Some of the important features of Sunga art of Mathura are as follows:
1. The sculpture is not in bold relief.
2. Both the male and female figures are adorned with a large number of ornaments.
3. Drapery is somewhat heavy and not light as is the case with the sculptures of later periods.
4. No efforts seem to have been made for expressing emotions and abstract feelings like peace, serenity, temptation, surprise, sobriety etc.
5. Normally, the eyeballs are conspicuous by their absence.
6. Female figures are seen decorating their headgears with wreaths and garlands, beads and pieces of costly cloth.
7. The males appear with a special type of fluffy turbans generally decorated with a crest above. A lock of hair frequently appears out of the turban.
8. Absence of the figure of Gautama Buddha is most noteworthy in Sunga art. Lord has been represented here by different symbols, such as Stupa, three-thronged symbol (Triratna), diamond throne (Vajrasana), turban (Usnisa), begging bowl (Bhiskhsha Patra), the sacred tree (Bodhi tree), wheel of Law (Dharma Chakra) and others.
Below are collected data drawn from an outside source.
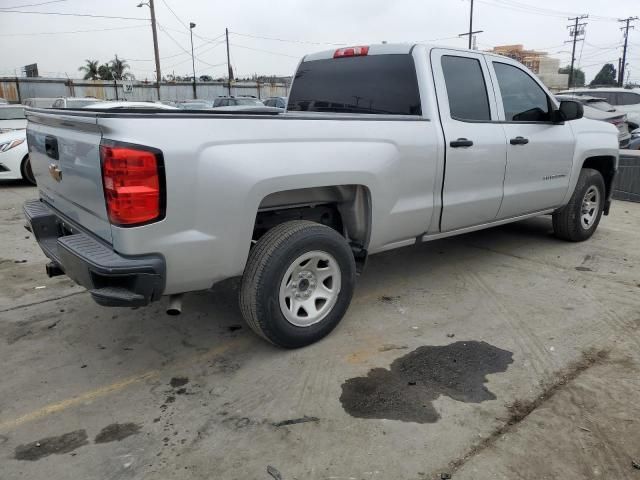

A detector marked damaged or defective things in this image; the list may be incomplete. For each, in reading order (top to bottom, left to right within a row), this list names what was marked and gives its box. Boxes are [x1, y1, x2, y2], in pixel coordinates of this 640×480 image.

cracked asphalt [1, 181, 640, 480]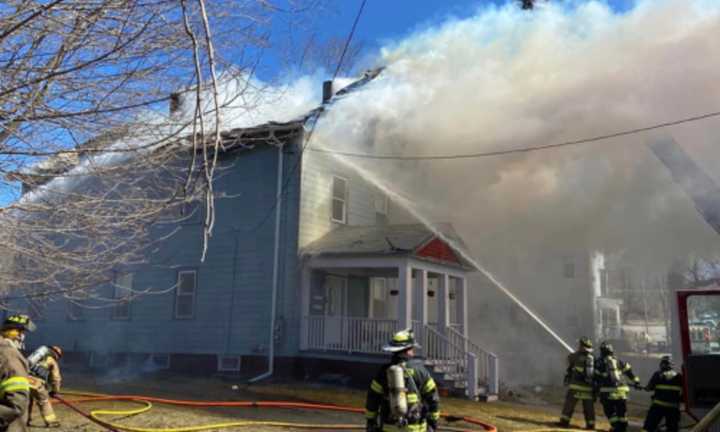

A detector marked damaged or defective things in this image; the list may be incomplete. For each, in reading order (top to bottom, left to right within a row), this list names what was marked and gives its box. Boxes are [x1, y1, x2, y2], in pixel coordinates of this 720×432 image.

damaged roof [304, 223, 478, 270]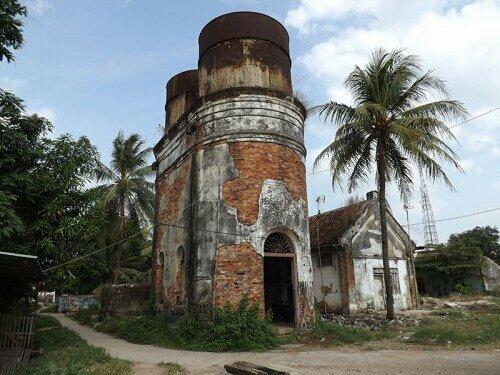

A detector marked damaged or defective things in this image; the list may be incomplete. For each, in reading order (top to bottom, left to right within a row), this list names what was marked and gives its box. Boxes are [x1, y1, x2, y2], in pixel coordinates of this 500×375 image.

rusted tank rim [197, 11, 290, 58]
rusted tank rim [168, 69, 199, 103]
The sculptures of the Sunga period hailing from Mathura indicate that along with others, images of Vaishnava and Shaiva sects were also coming into vogue. In this connection, images of Balaram, Shivalinga etc have been found. Some Sunga works show the influence of floral scroll patterns and Hellenistic elements as far as rendering of the fold of dresses are concerned. Sunga art reflects more of the mind, culture, tradition and ideology. During Sunga period, stone replaced wood in the railings and the gateways of the Buddhist stupas. Bharhut stupa is filled with sculptures - apart from floral designs, animal, figures, Yakshas and human figures. This period witnessed the increasing use of symbols and human figures in architecture. There was an increase in the construction of rock-cut temple for example the Chaitya Hall.